There are 12 genetic risk factors for ADHD, a new study found.
For the first time, researchers at the University of Cardiff have found that there are common genetic tendencies related to a disorder that is found in about one in 20 children.
Genetic information from about 55,000 people was analyzed to identify the differences between people with and without this condition.
The team also believes that these same genetic factors are shared with other psychiatric and physical disorders, including depression, obesity and type 2 diabetes.
Dr Joanna Martin, a research associate at the University of Cardiff, said: "We identified 12 genomic regions where people with ADHD differed compared to disadvantaged individuals, and several of these regions are in or near the genes with a known relationship to biological processes that are involved in healthy brain development. "

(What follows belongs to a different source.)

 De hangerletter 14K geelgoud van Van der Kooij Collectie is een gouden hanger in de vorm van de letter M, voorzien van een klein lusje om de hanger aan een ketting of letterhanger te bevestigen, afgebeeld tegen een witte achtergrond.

By researching more than 20,000 people with ADHD and 35,000 without studies, this study was the highest in the state to date, and researchers believe it could help in better treatment in the future.

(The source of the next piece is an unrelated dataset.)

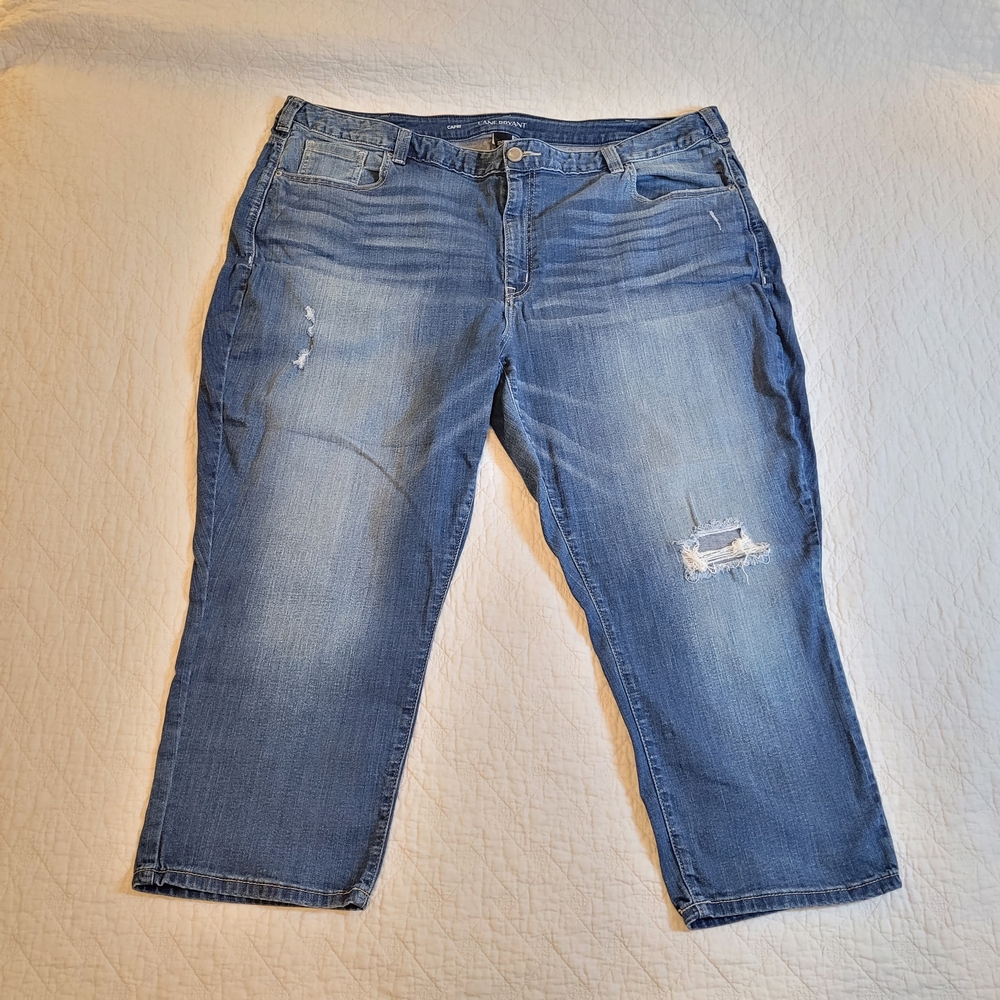 Lane Bryant Blue Lightly Distressed Capri 1050586 Jean Size 28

Professor Anita Thapar said: "This study marks a very important step in starting to understand the genetic and biological background of ADHD.
"Genetic risk variants that relate to this condition play a significant role in the brain and other basic biological processes.

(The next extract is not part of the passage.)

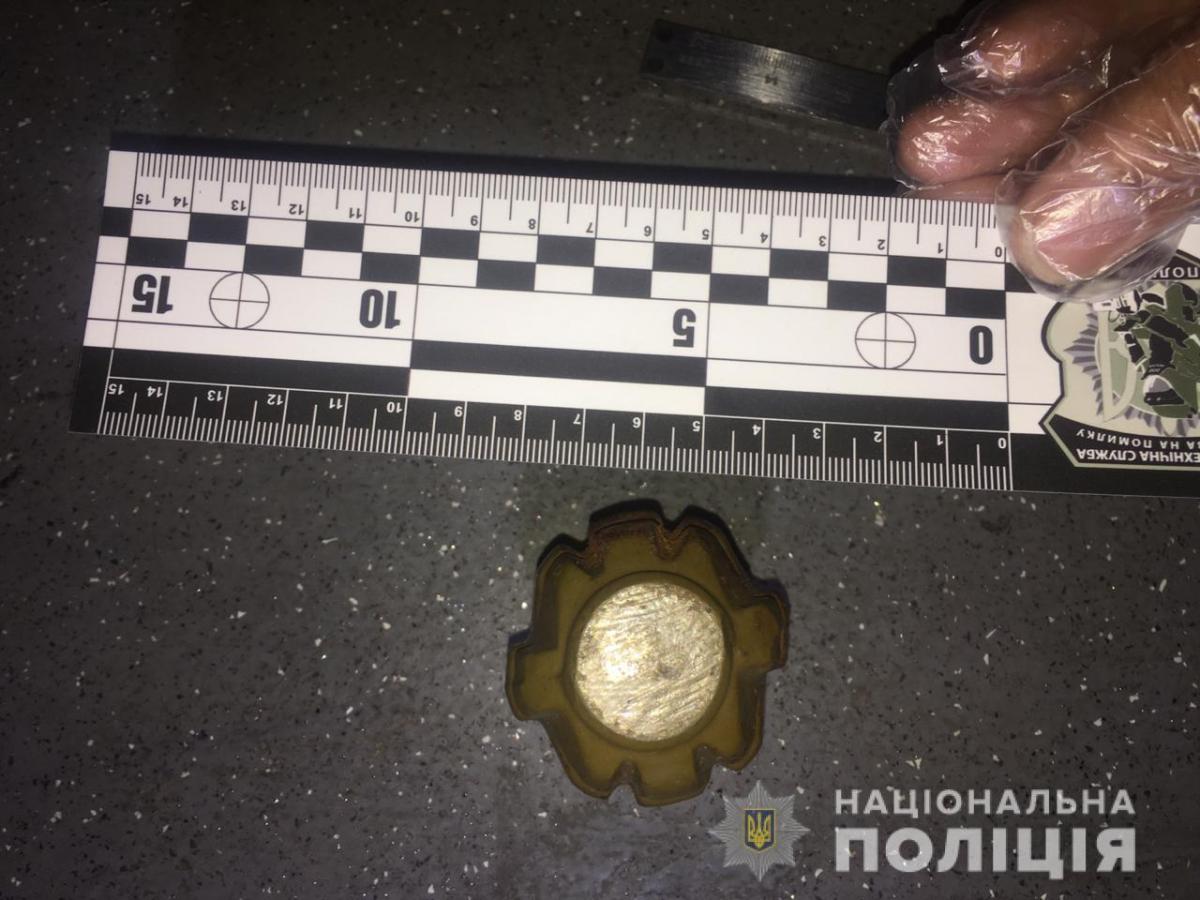 Чоловік розповів, що боєприпаси він викопав у лісосмузі / фото Нацполіція Чоловік розповів, що боєприпаси він викопав у лісосмузі / фото Нацполіція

"The next step is to determine the exact role of these genes in ADHD to help us inform better treatments to support those affected by these conditions."
She added: "This is a feature of the study because it involved patients from all over the world.
"This large number of patient samples is missing from ADHD, which means that our understanding of ADHD genetics is lagging behind physical disorders and other psychiatric disorders such as schizophrenia and depression.
"Every person with the ADHD who participated in the research makes a real difference to improve our understanding of the situation and we hope that this study will lead to a higher level of participation and greater interest in Britain in support of ADHD research."